**How to complete this task**
All that is needed is the listing, transcribed exactly and in full.

**Material for the task**
Segment Open
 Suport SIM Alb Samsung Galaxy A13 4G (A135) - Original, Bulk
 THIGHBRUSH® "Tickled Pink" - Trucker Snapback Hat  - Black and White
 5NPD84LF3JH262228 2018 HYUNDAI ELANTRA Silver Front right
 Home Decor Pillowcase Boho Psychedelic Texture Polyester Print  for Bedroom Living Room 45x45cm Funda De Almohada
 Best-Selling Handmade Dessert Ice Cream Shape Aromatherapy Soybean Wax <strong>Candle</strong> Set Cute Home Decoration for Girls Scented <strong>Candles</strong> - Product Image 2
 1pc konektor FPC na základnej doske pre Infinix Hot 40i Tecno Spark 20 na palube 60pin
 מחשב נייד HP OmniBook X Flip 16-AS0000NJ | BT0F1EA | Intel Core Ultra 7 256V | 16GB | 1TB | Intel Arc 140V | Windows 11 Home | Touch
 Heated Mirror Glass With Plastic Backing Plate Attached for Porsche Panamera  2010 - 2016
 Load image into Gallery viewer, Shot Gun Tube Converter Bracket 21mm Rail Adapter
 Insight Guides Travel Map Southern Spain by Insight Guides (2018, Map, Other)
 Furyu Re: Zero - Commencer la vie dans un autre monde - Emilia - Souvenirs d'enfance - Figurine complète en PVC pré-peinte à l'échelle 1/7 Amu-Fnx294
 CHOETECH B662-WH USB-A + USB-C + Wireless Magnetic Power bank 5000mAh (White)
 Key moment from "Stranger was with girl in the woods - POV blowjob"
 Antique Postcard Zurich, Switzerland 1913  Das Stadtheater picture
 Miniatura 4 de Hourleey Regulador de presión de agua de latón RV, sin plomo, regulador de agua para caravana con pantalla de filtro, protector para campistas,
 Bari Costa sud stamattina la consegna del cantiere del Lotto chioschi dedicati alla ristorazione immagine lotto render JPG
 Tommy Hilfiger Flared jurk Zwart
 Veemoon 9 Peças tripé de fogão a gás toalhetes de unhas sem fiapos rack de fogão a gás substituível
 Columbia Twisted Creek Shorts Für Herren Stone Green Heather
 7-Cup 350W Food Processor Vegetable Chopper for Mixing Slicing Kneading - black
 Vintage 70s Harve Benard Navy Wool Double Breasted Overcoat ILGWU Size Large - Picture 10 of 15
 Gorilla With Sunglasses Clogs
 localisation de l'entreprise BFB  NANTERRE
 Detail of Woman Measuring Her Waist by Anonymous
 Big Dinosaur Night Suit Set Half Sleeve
Segment Closed
**Exercise solution**
 Suport SIM Alb Samsung Galaxy A13 4G (A135) - Original, Bulk
 THIGHBRUSH® "Tickled Pink" - Trucker Snapback Hat  - Black and White
 5NPD84LF3JH262228 2018 HYUNDAI ELANTRA Silver Front right
 Home Decor Pillowcase Boho Psychedelic Texture Polyester Print  for Bedroom Living Room 45x45cm Funda De Almohada
 Best-Selling Handmade Dessert Ice Cream Shape Aromatherapy Soybean Wax <strong>Candle</strong> Set Cute Home Decoration for Girls Scented <strong>Candles</strong> - Product Image 2
 1pc konektor FPC na základnej doske pre Infinix Hot 40i Tecno Spark 20 na palube 60pin
 מחשב נייד HP OmniBook X Flip 16-AS0000NJ | BT0F1EA | Intel Core Ultra 7 256V | 16GB | 1TB | Intel Arc 140V | Windows 11 Home | Touch
 Heated Mirror Glass With Plastic Backing Plate Attached for Porsche Panamera  2010 - 2016
 Load image into Gallery viewer, Shot Gun Tube Converter Bracket 21mm Rail Adapter
 Insight Guides Travel Map Southern Spain by Insight Guides (2018, Map, Other)
 Furyu Re: Zero - Commencer la vie dans un autre monde - Emilia - Souvenirs d'enfance - Figurine complète en PVC pré-peinte à l'échelle 1/7 Amu-Fnx294
 CHOETECH B662-WH USB-A + USB-C + Wireless Magnetic Power bank 5000mAh (White)
 Key moment from "Stranger was with girl in the woods - POV blowjob"
 Antique Postcard Zurich, Switzerland 1913  Das Stadtheater picture
 Miniatura 4 de Hourleey Regulador de presión de agua de latón RV, sin plomo, regulador de agua para caravana con pantalla de filtro, protector para campistas,
 Bari Costa sud stamattina la consegna del cantiere del Lotto chioschi dedicati alla ristorazione immagine lotto render JPG
 Tommy Hilfiger Flared jurk Zwart
 Veemoon 9 Peças tripé de fogão a gás toalhetes de unhas sem fiapos rack de fogão a gás substituível
 Columbia Twisted Creek Shorts Für Herren Stone Green Heather
 7-Cup 350W Food Processor Vegetable Chopper for Mixing Slicing Kneading - black
 Vintage 70s Harve Benard Navy Wool Double Breasted Overcoat ILGWU Size Large - Picture 10 of 15
 Gorilla With Sunglasses Clogs
 localisation de l'entreprise BFB  NANTERRE
 Detail of Woman Measuring Her Waist by Anonymous
 Big Dinosaur Night Suit Set Half Sleeve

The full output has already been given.